If I do not see any results in any dashboard, is that a bad thing?
No. No results in your dashboards can mean that nothing has been identified by Intel 471 as a threat, verified or unverified.
It could be a case-sensitivity issue. In Sumo Logic, the equal sign (=) and the not equal to sign (!=) conditions are case-sensitive. When you use them with Sumo Logic operators you may need to convert the string to which the condition is applied to upper or lower case. For more information, see Using toLowerCase or toUpperCase with an equating condition.
I found an IOC in VirusTotal (or any other third-party threat feed), but why can’t I find that IOC in Intel 471 using the Sumo Logic lookup?
Intel 471 focuses on quality versus quantity when it comes to threat assessment. They have a dedicated intel team that does that work. A threat from a third-party feed may not be present in Intel 471 threats because it has been rejected by the Intel 471 intel assessment team.
I found threats in my network, now what do I do? How do I get more context about threats?

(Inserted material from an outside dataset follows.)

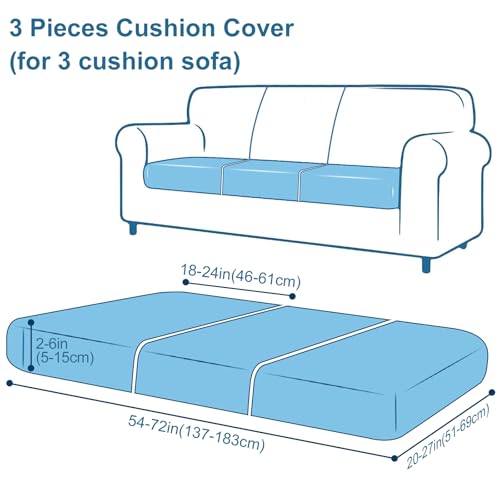 Waterproof Stretch Sofa Cushion Covers - Non-Slip, Soft & Washable, 3 Pack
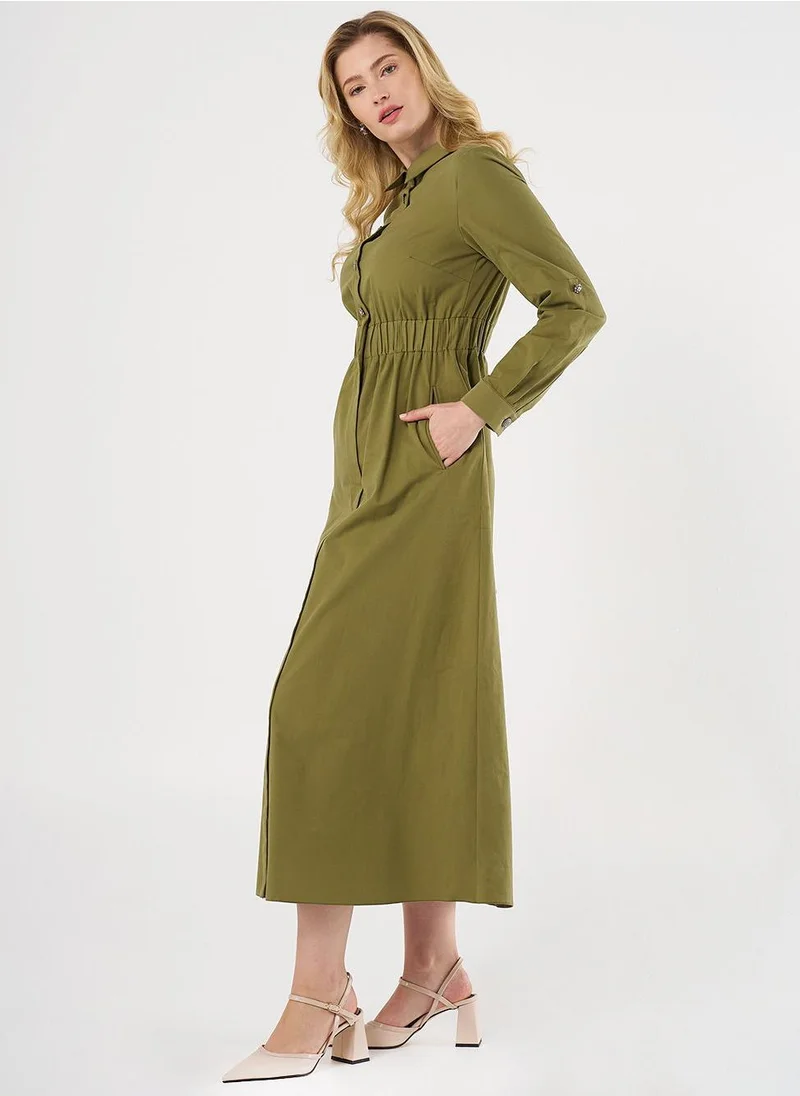 Kayra Shiny Button Cotton Dress - Khaki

The next step would be to look at the raw JSON field from the query. Fields such as ip_address_types, labels, relations, and malware_families in the JSON object provide more contextual information about threats. For information about the fields, see Normalized JSON format.
Following is an example of the raw JSON field from a query:
{
"indicator": "104.198.196.36",
"type": "ip_address",
"last_updated": 1476946769,
"published_date": 1476946767,
"malicious_confidence": "unverified",
"reports": [],
"actors": [],
"malware_families": [ ],
"kill_chains": [],
"domain_types": [],
"ip_address_types": [
"SSHScanner"
],
"relations": [],
"labels": [
{
"name": "ThreatType/Suspicious",
"created_on": 1476946768,
"last_valid_on": 1476946768
},
{
"name": "IPAddressType/SSHScanner",
"created_on": 1476946768,
"last_valid_on": 1476946768
}
]
}
With the malware family and other information, you can search the internet for more as there is often data readily available on known threats.